TASK DATA Start Marker
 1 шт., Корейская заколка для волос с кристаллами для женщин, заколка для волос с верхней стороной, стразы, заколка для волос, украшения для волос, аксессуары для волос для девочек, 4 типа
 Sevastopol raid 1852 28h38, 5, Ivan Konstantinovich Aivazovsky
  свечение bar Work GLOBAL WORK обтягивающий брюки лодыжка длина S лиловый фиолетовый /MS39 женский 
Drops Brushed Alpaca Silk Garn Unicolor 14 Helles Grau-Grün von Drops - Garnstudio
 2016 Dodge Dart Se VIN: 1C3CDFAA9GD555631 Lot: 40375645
TASK DATA End Marker
TASK DATA Start Marker
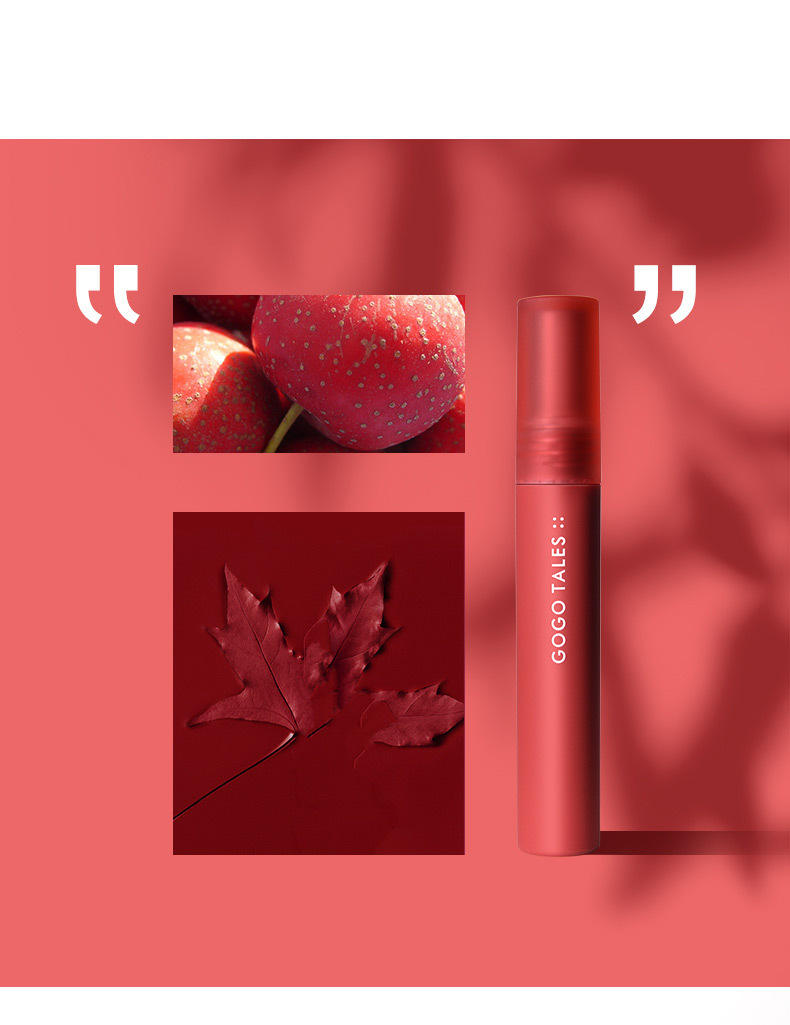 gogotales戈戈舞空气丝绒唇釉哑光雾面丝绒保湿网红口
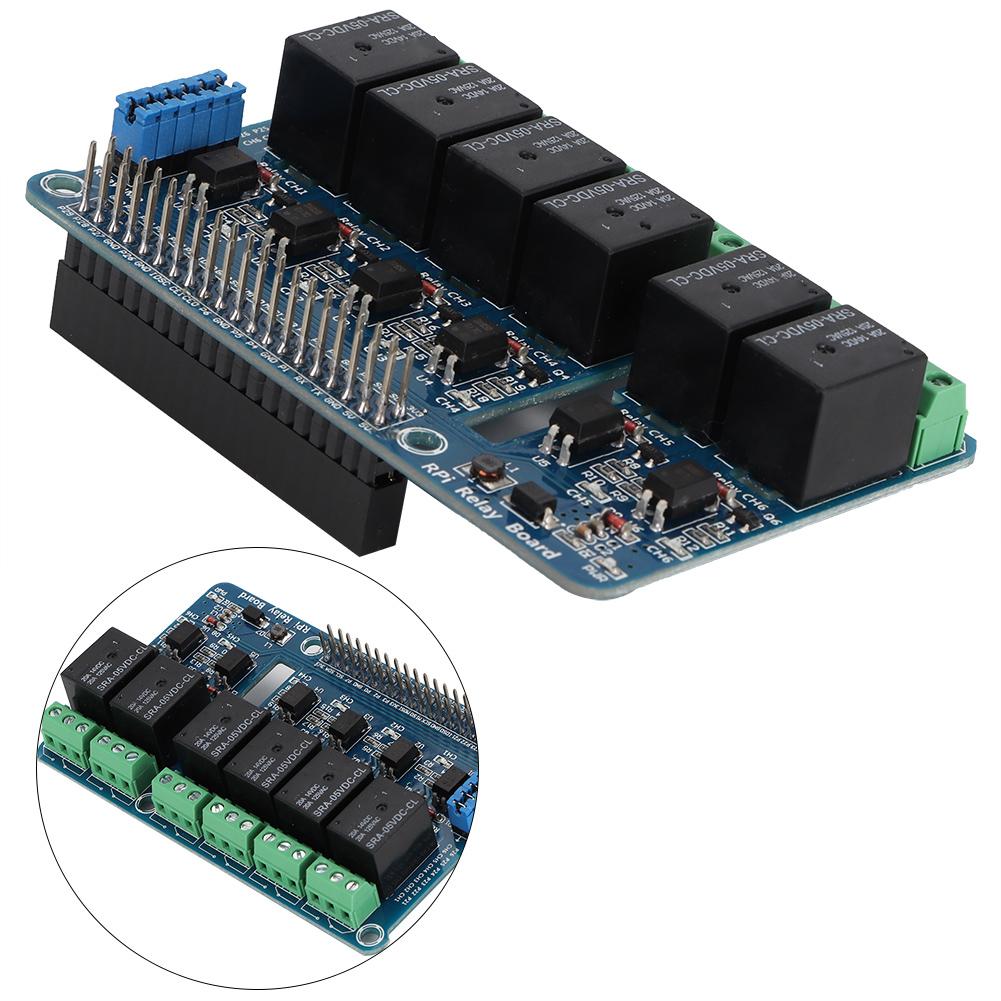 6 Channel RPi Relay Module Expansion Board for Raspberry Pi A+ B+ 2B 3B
TASK DATA End Marker
WHAT TO DO: Please copy, exactly and with nothing else, the lines above beginning at the line that has "1 шт., Корейская" and ending with the line that has "2016 Dodge Dart".

FINAL ANSWER:
 1 шт., Корейская заколка для волос с кристаллами для женщин, заколка для волос с верхней стороной, стразы, заколка для волос, украшения для волос, аксессуары для волос для девочек, 4 типа
 Sevastopol raid 1852 28h38, 5, Ivan Konstantinovich Aivazovsky
  свечение bar Work GLOBAL WORK обтягивающий брюки лодыжка длина S лиловый фиолетовый /MS39 женский 
Drops Brushed Alpaca Silk Garn Unicolor 14 Helles Grau-Grün von Drops - Garnstudio
 2016 Dodge Dart Se VIN: 1C3CDFAA9GD555631 Lot: 40375645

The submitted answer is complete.